* **Your objective**
Please print the entries exactly, omitting each image.

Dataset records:
_____
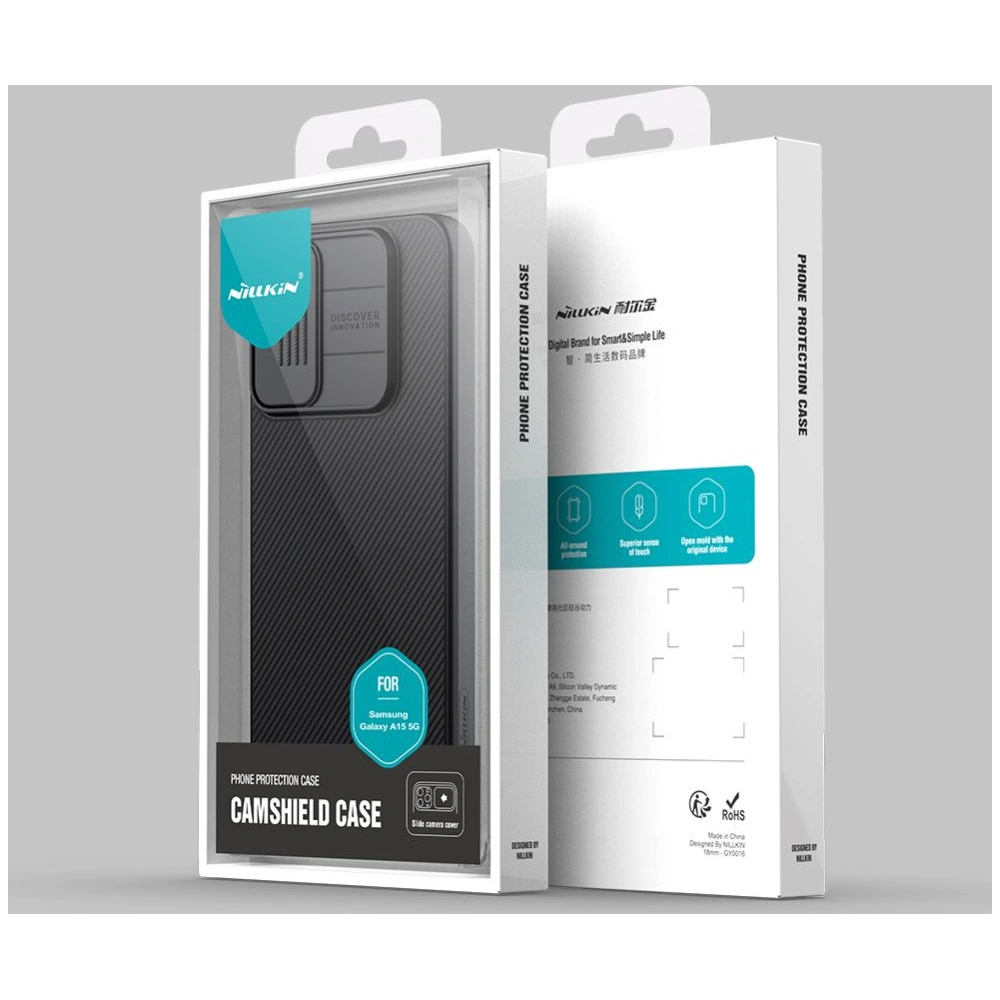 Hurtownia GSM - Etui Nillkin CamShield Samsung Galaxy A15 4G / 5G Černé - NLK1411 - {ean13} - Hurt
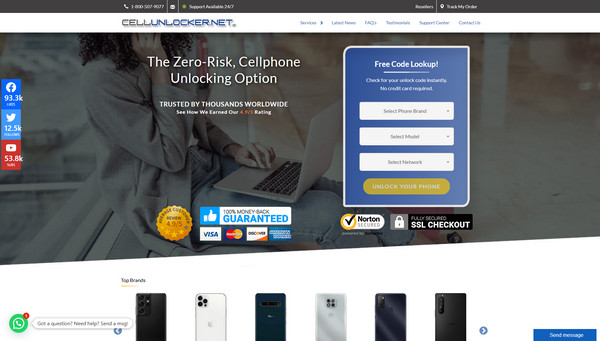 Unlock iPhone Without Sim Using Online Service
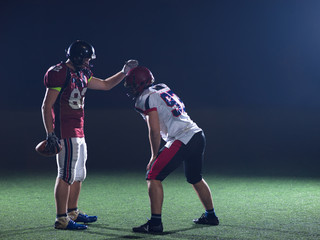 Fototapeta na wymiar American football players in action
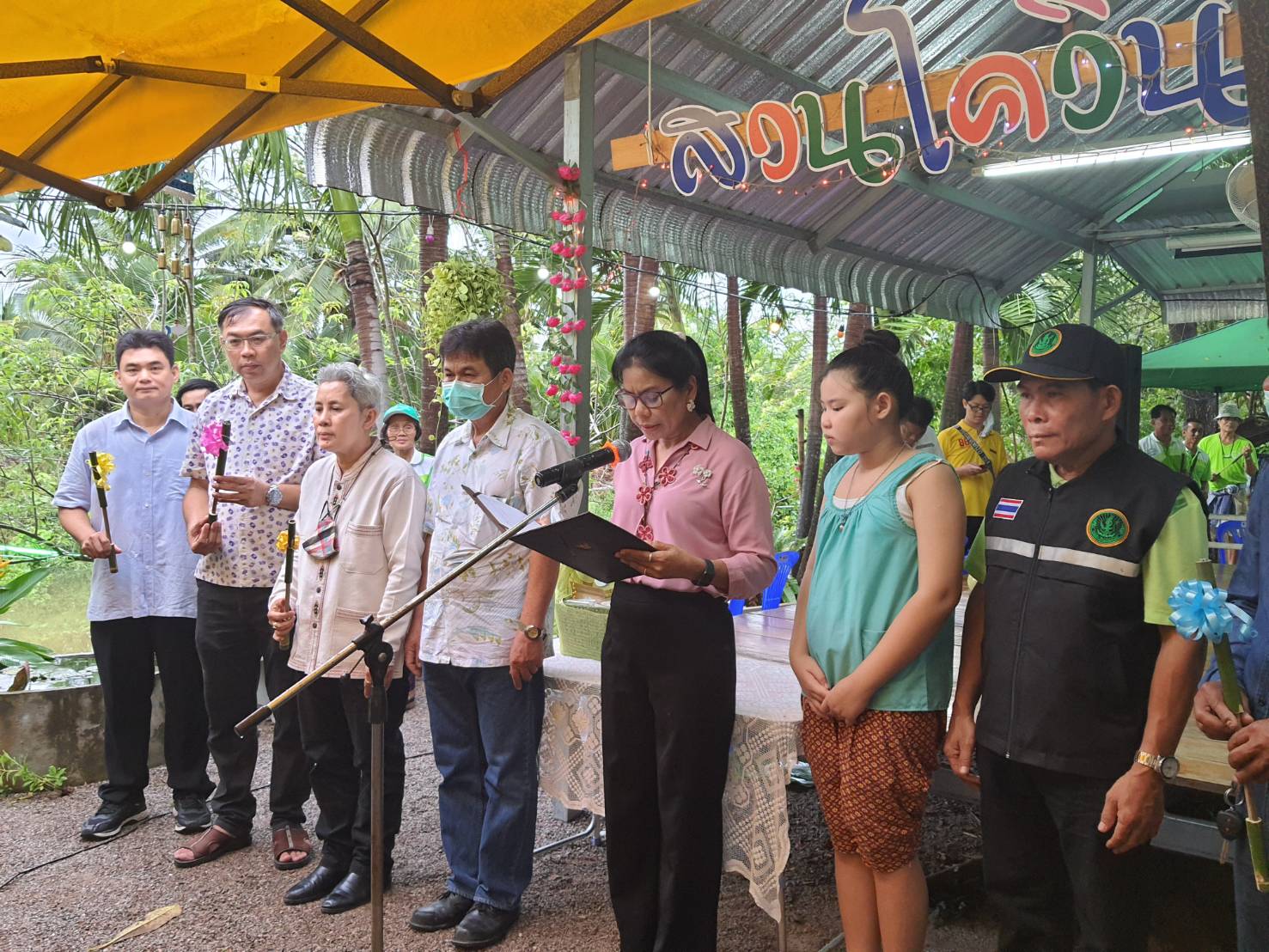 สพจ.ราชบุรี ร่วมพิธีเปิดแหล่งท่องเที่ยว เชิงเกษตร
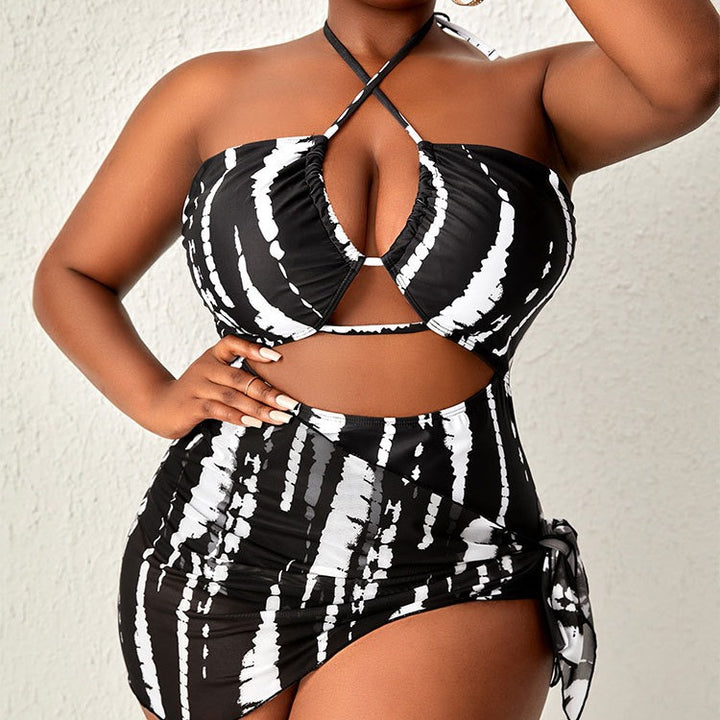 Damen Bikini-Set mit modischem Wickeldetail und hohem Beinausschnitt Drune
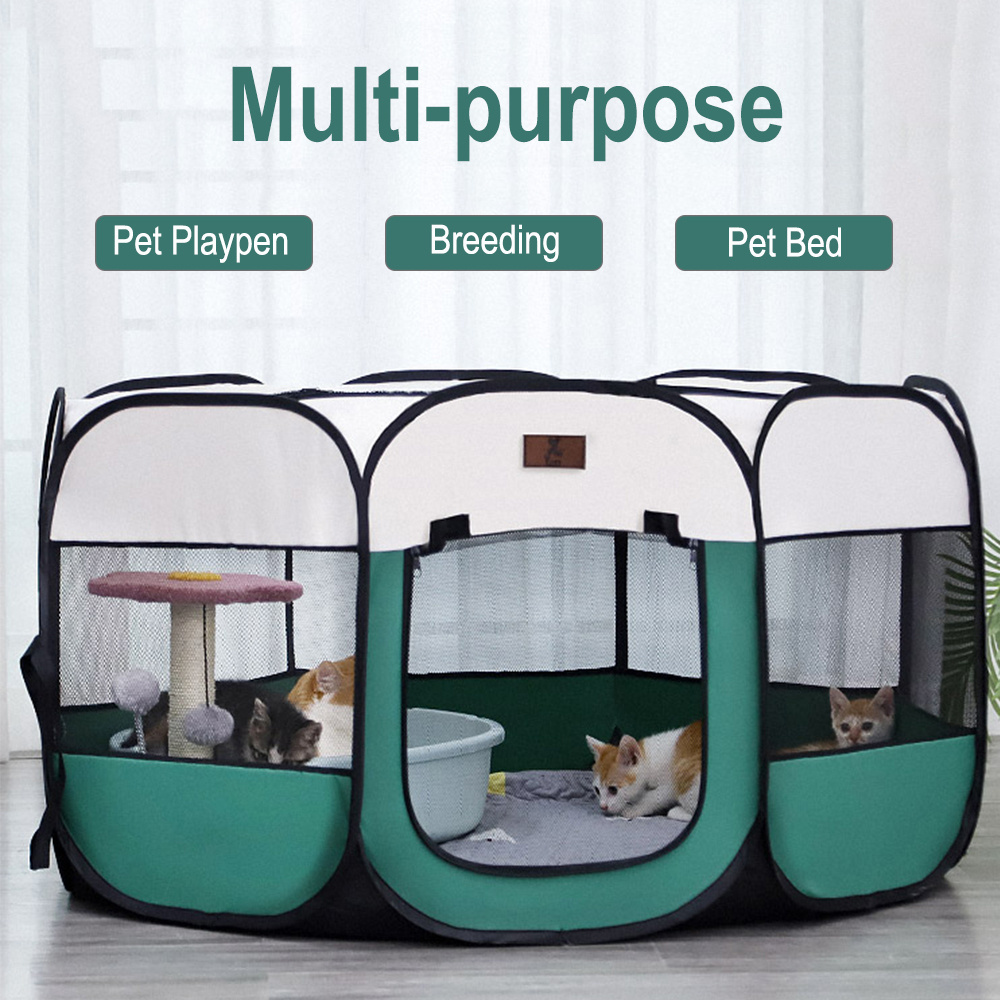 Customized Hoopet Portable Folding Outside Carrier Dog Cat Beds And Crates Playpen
_____
* **Finished task**
 Hurtownia GSM - Etui Nillkin CamShield Samsung Galaxy A15 4G / 5G Černé - NLK1411 - {ean13} - Hurt
 Unlock iPhone Without Sim Using Online Service
 Fototapeta na wymiar American football players in action
 สพจ.ราชบุรี ร่วมพิธีเปิดแหล่งท่องเที่ยว เชิงเกษตร
 Damen Bikini-Set mit modischem Wickeldetail und hohem Beinausschnitt Drune
 Customized Hoopet Portable Folding Outside Carrier Dog Cat Beds And Crates Playpen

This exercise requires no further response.